Docs as Code & Tooling — Professional Level¶
Category: Documentation — treat documentation like source code: plain-text, in version control, reviewed in pull requests, built and tested in CI, deployed automatically.
Prerequisites: Junior · Middle · Senior Focus: Production — rollout, governance, metrics, migrations, incidents
Table of Contents¶
- Introduction
- Rolling Out Docs as Code to an Org
- Migrating off a Wiki
- Governance: CODEOWNERS, Gates, and Policy
- Enforcing Docs in Code Review
- Measuring Docs Health
- Operating the Pipeline
- Real Incidents
- The Politics of Docs as Code
- Review Checklist
- Cheat Sheet
- Diagrams
- Related Topics
Introduction¶
Focus: production — making Docs as Code work across many teams, for years.
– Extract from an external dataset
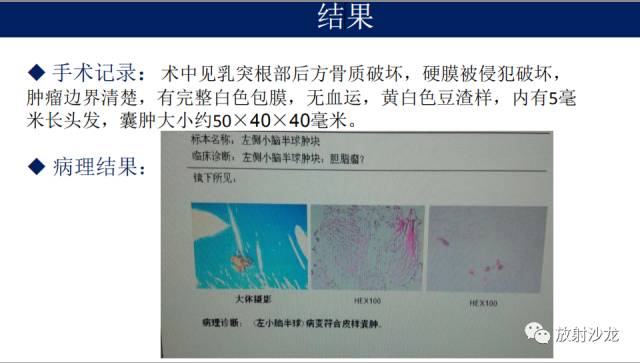 【病例】小脑表皮样囊肿1例MR影像表现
Standing up MkDocs and a link checker is a day's work. Making Docs as Code the default way an entire organization documents, and keeping that true through reorgs, deadlines, and a hundred PRs a week, is the professional problem. It is mostly not a tooling problem — it's rollout, governance, incentives, and migration, with tooling in service of those.
The recurring failure: a team adopts Docs as Code, the docs are great for three months, then a deadline hits, "we'll document it next sprint" becomes permanent, the link checker goes red and gets disabled, and within a year the repo's docs are as stale as the wiki they replaced. Sustaining Docs as Code is a system: gates that make the right thing automatic, metrics that surface rot before users hit it, and a culture that treats a wrong doc as a bug.
Rolling Out Docs as Code to an Org¶
A migration that lands has a shape. One that fails is usually a big-bang tool swap with no workflow change.
- Pilot on one motivated team. Pick a team that already cares about docs and a repo with real docs pain. Prove the loop (edit → PR → CI → deploy) end to end. Produce a reference setup others copy.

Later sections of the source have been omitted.